WSJ: GooTube deal could come today


What was Chad Hurley doing over the weekend? Unlike Facebook's Mark Zuckerberg, it seems that Hurley is willing to spend a beautiful couple of days talking to lawyers. The Wall Street Journal reports today that a deal to buy the company for $1.65 billion could be announced today.

The deal would allow YouTube to keep its name, office and staff - a "smart move by Google," notes Cynthia Brumfield at IP Democracy .

At Hitwise, LeeAnn Prescott takes a look at the numbers and sees just how lamely Google Video has performed, compared to YouTube: Last month YT received four times as many visits as Google Video. And until the August placement of Video on the Google homepage, Google was sending more traffic to YT than to GV.

Oddly, she concludes that Google needn't spend this money on YouTube, since their brilliant engineers could replicate any and all features that YT offers. It's not a question of engineering, though; it's question of "mindshare." YouTube has it - and it's enabling them to cut the big deals with Hollywood. If Google can't make those deals - and Schmidt has never delivered a big Hollywood deal; indeed copyright owners (in the form of publishers and European news agencies) hate Google - it will have to buy into them. (More on YT's deals shortly.)

Finally, the deal is so obsessing the Valley that strange rumors are flying about, as Michael Arrington, who broke the rumor, notes:

Whether its happening or not, this seems to be THE topic of conversation in Silicon Valley right now.
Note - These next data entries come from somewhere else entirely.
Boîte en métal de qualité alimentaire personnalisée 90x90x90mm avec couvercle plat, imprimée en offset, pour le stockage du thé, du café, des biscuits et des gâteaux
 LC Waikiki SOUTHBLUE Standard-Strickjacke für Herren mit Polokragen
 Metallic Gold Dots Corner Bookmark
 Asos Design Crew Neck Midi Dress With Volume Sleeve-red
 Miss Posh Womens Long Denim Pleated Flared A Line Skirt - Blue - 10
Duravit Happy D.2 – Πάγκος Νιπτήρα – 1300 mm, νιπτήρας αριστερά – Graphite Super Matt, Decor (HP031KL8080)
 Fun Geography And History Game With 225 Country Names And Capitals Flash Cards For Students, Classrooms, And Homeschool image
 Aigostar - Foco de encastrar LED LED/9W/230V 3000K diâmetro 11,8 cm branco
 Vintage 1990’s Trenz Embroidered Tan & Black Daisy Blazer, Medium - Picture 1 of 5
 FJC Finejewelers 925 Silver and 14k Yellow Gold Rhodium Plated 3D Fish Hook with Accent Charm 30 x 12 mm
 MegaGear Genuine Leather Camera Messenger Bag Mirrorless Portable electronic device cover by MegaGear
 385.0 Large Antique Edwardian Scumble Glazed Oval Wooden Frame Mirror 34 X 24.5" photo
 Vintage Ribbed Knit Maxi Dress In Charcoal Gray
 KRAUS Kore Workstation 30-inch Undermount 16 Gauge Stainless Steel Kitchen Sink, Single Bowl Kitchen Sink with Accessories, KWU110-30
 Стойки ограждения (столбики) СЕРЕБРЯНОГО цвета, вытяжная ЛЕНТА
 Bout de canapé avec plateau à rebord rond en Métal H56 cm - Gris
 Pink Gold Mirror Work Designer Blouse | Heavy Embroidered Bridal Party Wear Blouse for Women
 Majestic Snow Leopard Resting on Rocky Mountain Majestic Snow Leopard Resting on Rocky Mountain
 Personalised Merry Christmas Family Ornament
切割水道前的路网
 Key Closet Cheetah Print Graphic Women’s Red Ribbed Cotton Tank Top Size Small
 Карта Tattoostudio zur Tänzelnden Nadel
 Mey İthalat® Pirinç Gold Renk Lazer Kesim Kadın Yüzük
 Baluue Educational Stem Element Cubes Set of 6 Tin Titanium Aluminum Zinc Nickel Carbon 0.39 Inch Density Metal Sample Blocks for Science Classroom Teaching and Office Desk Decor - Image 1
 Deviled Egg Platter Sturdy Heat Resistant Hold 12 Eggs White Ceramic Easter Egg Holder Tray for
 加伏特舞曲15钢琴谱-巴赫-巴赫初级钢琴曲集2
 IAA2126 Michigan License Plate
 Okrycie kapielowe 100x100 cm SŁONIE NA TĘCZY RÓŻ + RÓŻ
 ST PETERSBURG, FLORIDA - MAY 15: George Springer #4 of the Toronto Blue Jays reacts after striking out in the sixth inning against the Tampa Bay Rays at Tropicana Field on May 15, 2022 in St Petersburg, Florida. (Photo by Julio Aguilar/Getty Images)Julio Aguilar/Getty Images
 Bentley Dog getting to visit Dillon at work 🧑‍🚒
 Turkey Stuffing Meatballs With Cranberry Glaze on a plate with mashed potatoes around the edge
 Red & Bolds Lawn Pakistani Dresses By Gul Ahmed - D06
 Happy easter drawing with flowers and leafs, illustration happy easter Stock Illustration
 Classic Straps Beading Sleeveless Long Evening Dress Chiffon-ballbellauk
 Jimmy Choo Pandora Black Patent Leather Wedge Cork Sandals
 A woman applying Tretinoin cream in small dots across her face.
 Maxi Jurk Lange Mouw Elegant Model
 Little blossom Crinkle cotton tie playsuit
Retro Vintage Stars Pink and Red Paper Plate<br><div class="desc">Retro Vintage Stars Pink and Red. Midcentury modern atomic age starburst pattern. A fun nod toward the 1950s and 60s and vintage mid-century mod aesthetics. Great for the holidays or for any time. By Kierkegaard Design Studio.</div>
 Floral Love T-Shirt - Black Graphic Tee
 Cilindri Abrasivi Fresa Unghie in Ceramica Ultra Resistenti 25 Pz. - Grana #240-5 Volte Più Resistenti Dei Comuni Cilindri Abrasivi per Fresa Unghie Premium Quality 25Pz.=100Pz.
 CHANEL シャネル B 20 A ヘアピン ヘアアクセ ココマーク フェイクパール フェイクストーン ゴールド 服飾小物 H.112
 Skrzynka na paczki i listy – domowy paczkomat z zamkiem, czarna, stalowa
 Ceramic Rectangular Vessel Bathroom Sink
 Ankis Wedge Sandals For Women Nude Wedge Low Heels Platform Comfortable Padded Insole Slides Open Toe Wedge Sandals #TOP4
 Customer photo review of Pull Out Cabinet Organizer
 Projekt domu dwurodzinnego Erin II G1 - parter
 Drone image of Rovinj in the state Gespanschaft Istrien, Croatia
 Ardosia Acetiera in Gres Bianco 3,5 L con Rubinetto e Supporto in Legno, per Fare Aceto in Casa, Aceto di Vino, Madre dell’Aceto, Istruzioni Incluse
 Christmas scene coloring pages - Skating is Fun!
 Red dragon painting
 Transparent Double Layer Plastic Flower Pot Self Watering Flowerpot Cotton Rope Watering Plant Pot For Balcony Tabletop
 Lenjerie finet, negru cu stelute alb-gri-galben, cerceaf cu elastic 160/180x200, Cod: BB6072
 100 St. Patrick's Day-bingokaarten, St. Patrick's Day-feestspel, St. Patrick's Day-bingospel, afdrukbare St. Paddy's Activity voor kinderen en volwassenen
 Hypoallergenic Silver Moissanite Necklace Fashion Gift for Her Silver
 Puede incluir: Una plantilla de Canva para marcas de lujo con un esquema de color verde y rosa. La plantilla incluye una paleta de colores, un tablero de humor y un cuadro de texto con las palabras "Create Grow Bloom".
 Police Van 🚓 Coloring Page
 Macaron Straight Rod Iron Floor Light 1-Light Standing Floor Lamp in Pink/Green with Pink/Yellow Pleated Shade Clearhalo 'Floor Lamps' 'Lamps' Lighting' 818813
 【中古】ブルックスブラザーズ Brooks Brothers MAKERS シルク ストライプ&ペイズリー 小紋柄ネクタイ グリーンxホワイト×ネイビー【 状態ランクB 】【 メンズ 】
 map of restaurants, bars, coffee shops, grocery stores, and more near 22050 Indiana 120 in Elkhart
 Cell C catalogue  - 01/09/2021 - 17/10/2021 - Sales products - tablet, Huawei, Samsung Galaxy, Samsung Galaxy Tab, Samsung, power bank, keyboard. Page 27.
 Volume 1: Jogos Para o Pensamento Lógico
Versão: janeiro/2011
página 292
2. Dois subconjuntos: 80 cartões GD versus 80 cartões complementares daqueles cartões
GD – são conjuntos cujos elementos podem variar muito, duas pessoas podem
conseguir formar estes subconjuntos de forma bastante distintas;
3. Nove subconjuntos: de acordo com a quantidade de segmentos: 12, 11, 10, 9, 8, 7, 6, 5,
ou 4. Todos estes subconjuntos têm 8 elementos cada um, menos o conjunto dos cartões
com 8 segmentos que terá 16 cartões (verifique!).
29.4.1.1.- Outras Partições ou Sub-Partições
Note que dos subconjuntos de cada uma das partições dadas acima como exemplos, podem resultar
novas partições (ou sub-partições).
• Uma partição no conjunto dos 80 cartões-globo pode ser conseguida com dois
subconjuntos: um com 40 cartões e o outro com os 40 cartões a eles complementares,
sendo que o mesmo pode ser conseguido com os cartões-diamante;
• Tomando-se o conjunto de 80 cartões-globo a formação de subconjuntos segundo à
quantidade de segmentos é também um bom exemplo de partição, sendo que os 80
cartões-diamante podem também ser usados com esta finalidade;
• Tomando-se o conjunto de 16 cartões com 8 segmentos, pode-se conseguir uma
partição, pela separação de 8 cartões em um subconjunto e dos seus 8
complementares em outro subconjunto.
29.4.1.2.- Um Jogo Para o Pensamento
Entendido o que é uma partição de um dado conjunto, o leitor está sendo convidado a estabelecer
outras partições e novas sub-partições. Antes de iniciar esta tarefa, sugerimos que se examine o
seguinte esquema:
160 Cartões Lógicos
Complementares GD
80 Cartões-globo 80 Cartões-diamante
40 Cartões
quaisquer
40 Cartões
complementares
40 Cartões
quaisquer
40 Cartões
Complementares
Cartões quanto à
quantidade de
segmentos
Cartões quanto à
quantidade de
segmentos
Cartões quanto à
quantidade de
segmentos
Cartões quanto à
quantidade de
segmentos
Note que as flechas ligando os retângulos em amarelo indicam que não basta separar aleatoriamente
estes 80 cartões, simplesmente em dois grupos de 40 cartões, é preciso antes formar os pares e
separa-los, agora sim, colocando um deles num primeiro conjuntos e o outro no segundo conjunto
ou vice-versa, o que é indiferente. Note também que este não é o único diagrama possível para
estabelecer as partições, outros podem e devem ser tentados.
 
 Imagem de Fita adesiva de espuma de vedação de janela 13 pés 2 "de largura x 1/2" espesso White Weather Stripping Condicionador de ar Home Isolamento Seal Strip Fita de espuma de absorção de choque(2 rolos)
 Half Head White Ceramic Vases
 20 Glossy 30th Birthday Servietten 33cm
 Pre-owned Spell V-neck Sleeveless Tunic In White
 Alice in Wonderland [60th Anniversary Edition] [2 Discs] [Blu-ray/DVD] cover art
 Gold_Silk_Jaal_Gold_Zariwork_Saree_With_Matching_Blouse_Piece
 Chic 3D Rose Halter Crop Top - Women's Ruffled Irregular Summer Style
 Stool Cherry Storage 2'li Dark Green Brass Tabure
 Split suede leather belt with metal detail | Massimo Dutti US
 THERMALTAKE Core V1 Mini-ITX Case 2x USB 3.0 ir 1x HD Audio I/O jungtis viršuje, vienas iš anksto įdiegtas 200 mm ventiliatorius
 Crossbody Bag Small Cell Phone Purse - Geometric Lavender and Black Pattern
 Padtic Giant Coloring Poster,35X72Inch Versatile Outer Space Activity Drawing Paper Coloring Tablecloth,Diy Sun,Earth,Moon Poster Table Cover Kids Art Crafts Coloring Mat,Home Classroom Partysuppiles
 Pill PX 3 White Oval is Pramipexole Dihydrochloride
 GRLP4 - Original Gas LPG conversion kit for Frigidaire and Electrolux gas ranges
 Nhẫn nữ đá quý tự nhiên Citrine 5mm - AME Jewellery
We don’t have any additional verified information, other than a bizarre story Marshall Kirkpatrick was tracking and that developed on Friday and Saturday. We got word that a lawyer representing Google may have told at least one person that the “deal has officially gone through.” The person who was supposedly told this then sent an email out to a number of people summarizing the conversation, which we got wind of. I spoke to the attorney, who denied having “any knowledge of the deal” or making that statement. I also spoke to the person who wrote the email, who backtracked and stated that he exaggerated the lawyer’s statements, and that, in short, the email he wrote wasn’t true. At that point Marshall and I decided to drop it. But I will say this - the fact that the lawyer repeately told me that he had no knowledge of a deal instead of “no comment” means he was either lying (unlikely), that a deal is happening and he doesn’t know about it (unlikely), or that there is no deal. We’ll see.